Fish-Shaped Keychains for a Lifetime
Francis says the lab currently processes about sixty pounds of plastic a month. Community members can donate clean plastic items with the #2 symbol or #5 symbol on them during the lab’s operating hours, 8 a.m. to 5 p.m., Monday through Friday.
The program accepts plastics not readily collected elsewhere in Anchorage; curbside recycling takes #1 and #2 plastics in the form of blow-molded bottles and jugs, but the fab lab is not as picky about the form of high density polyethylene. Polypropylene, marked with a #5, is accepted at the Anchorage Recycling Center, but CITC and Alaska Plastic Recovery can give the material a second life.
Shredded #2 and #5 plastic is pressed into sheets, which can be cut into smaller objects or trimmed into panels for assembly into boxes.
Photo Credit: Christi Foist
Denełchin Lab especially prizes donations of colored plastic, which students have turned into objects like fish-shaped keychains and earrings. They cut other items, like butterfly shapes or the pieces of a small stool, from multicolored sheets of plastic molded in the lab’s sheet press.
Francis says the program’s goal is to “make recycling fun and accessible.” To judge from student reactions, they’re succeeding.
“Their responses [have been] very positive, especially with making the fishes,” Francis says. “They get to pick their favorite colors and be artistic. And while they’re operating the equipment, we get to have a conversation about why it is important to recycle.”
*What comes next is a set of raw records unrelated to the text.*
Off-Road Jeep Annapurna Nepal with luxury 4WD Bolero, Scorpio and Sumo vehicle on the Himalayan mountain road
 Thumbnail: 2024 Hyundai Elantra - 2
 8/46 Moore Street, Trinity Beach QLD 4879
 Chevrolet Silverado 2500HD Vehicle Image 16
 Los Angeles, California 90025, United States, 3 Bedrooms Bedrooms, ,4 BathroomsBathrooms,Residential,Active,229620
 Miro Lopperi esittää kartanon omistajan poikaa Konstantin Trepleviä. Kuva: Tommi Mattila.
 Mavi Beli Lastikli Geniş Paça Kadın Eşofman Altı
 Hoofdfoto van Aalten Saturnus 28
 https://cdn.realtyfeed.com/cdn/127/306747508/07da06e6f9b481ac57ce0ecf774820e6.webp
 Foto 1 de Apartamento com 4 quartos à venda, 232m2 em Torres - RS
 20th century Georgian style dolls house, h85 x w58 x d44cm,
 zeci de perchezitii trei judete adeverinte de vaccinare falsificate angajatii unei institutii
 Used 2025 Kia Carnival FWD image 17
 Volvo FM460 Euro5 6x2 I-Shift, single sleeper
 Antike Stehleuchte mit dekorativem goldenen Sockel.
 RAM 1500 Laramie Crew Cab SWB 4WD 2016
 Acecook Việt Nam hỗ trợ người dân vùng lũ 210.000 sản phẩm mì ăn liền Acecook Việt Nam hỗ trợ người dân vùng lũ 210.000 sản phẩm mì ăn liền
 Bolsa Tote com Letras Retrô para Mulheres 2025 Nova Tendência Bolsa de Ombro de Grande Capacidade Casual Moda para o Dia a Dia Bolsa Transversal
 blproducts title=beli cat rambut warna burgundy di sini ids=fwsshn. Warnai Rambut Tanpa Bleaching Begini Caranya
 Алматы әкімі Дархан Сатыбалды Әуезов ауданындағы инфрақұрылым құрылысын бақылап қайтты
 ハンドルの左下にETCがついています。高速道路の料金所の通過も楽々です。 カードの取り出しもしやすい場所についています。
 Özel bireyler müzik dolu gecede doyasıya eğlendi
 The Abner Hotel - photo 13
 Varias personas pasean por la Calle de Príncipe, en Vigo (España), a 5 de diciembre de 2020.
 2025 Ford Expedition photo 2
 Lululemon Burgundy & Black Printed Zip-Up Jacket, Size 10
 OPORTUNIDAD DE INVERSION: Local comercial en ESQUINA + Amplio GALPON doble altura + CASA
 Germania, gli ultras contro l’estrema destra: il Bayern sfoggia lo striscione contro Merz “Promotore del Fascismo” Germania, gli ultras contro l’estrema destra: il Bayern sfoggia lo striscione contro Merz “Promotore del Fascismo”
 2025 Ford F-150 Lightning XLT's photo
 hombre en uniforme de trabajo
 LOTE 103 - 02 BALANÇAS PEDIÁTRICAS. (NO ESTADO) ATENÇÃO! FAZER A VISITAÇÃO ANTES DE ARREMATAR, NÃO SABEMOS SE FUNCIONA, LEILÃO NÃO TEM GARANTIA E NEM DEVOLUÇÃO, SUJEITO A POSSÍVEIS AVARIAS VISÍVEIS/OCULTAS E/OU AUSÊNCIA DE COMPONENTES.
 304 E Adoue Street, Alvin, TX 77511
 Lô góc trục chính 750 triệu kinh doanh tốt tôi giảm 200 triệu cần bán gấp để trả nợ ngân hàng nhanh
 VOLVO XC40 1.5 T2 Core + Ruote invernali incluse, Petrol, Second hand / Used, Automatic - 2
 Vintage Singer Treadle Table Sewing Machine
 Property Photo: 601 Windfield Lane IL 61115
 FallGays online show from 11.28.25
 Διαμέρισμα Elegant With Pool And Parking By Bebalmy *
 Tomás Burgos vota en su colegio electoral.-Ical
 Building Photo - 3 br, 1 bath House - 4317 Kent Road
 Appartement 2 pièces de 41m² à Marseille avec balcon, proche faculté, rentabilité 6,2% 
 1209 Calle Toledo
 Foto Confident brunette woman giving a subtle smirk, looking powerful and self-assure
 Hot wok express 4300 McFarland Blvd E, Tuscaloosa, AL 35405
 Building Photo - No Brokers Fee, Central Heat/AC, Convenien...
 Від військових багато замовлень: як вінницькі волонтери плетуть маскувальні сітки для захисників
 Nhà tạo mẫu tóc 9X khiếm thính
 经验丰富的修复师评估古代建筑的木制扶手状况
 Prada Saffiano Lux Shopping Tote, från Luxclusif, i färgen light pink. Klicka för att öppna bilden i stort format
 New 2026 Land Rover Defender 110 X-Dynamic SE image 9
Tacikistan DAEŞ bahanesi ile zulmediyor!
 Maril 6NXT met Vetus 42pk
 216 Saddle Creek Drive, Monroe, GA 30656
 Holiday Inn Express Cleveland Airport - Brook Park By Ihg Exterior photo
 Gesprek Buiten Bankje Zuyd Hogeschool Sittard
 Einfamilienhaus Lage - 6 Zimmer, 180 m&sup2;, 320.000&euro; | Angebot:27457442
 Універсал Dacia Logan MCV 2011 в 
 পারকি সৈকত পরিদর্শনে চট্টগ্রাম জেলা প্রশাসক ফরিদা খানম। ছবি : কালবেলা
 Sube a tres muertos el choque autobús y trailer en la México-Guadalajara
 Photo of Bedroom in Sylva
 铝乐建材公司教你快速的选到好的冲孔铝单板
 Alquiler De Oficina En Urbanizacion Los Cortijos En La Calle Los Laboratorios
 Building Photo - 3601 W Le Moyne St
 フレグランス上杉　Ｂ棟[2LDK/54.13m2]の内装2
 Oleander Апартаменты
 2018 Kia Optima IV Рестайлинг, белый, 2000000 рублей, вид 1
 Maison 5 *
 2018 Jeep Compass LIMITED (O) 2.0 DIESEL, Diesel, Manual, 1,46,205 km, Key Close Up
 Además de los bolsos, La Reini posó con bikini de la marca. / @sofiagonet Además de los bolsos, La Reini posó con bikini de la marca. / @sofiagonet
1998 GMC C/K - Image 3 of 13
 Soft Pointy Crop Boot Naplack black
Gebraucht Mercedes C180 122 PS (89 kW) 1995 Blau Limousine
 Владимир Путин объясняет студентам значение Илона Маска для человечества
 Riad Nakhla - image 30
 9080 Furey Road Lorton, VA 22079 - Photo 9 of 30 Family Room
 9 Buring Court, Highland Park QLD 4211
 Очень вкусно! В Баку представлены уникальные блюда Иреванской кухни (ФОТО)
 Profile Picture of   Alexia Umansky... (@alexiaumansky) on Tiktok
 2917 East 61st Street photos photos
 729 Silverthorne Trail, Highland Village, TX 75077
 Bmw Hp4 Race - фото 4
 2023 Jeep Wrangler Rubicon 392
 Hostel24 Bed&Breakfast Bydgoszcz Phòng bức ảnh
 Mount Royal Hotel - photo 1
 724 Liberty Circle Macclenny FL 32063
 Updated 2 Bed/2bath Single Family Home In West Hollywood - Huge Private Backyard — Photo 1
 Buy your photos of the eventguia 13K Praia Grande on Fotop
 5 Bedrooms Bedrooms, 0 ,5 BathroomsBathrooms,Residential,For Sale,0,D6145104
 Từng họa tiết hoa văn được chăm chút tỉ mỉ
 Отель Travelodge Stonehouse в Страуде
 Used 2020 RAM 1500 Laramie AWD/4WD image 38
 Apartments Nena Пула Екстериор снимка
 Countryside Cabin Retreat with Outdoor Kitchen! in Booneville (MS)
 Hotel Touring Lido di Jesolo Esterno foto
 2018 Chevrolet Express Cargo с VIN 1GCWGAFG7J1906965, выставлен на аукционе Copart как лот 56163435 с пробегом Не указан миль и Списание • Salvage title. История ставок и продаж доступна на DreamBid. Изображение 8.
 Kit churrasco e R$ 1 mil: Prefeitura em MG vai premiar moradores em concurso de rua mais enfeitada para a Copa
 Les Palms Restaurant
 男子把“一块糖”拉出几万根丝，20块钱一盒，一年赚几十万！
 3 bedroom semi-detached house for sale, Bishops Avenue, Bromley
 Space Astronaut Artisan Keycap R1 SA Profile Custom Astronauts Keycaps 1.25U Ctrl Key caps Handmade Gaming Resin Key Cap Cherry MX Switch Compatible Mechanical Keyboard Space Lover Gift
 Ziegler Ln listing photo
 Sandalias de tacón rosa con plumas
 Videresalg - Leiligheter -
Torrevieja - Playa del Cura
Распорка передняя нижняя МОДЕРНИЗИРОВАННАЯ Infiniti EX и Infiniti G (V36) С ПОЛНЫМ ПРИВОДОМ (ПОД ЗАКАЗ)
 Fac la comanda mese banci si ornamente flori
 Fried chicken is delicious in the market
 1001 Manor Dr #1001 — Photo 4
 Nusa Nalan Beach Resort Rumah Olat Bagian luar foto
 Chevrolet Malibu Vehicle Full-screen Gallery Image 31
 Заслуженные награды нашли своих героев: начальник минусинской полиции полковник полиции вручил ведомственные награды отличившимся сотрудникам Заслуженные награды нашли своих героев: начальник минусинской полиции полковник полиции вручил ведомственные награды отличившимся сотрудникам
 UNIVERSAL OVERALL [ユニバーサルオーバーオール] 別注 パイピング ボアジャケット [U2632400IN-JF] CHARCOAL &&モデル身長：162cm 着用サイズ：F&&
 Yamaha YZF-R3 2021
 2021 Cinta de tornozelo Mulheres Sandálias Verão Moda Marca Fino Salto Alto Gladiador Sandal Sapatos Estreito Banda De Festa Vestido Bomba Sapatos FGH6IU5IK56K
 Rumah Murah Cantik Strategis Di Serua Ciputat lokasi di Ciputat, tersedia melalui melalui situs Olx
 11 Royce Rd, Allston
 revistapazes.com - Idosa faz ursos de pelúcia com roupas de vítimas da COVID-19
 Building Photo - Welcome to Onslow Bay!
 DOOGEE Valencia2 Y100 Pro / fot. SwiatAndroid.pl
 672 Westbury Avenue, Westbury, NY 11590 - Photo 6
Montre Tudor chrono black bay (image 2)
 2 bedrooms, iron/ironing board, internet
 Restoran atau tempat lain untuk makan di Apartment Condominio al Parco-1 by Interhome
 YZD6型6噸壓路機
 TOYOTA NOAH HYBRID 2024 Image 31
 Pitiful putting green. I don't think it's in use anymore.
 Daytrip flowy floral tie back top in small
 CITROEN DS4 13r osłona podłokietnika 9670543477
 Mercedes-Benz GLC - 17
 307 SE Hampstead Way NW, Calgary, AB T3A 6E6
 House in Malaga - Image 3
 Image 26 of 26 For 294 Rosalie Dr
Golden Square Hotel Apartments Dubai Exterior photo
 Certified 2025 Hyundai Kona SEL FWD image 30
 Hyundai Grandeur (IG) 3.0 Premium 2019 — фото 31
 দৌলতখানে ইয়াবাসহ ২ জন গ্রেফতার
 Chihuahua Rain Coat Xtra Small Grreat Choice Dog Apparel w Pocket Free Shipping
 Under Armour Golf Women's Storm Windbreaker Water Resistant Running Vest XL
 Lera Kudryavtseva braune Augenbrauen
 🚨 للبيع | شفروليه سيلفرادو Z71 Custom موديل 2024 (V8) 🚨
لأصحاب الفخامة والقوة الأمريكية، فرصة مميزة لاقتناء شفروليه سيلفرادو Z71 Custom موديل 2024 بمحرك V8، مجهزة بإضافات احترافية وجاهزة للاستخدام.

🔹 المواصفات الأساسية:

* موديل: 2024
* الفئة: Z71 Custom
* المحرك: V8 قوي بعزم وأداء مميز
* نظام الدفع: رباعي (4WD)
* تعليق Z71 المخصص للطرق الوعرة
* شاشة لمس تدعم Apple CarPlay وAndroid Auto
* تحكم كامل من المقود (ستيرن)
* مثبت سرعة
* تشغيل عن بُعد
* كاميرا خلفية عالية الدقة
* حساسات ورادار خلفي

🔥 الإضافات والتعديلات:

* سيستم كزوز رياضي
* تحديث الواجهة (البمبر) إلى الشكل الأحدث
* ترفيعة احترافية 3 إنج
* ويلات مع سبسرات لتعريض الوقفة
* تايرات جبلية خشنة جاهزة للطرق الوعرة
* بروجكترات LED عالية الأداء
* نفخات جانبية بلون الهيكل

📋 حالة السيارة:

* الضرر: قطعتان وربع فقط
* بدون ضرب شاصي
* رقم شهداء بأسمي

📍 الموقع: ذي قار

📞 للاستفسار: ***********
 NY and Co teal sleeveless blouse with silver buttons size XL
During the Native Youth Olympic Games in late April, youth came to the Denełchin Lab for a celebration. The games draw Alaska Native youth to Anchorage from all over the state. When lab staff “offered to do a fish keychain” for them, it led some youth to talk about the waste problems in their community, Francis says.
The federal grant that funds the lab’s recycling program seeks to address some of that rural waste. Francis says the US Environmental Protection Agency grant includes setting up five other recycling programs throughout the state.
The funding covers sending recycling equipment to five rural communities that normally have to ship waste out. Francis says, “They will be able to recycle their plastic, rather than relying on backhaul… and will be able to make their own products.”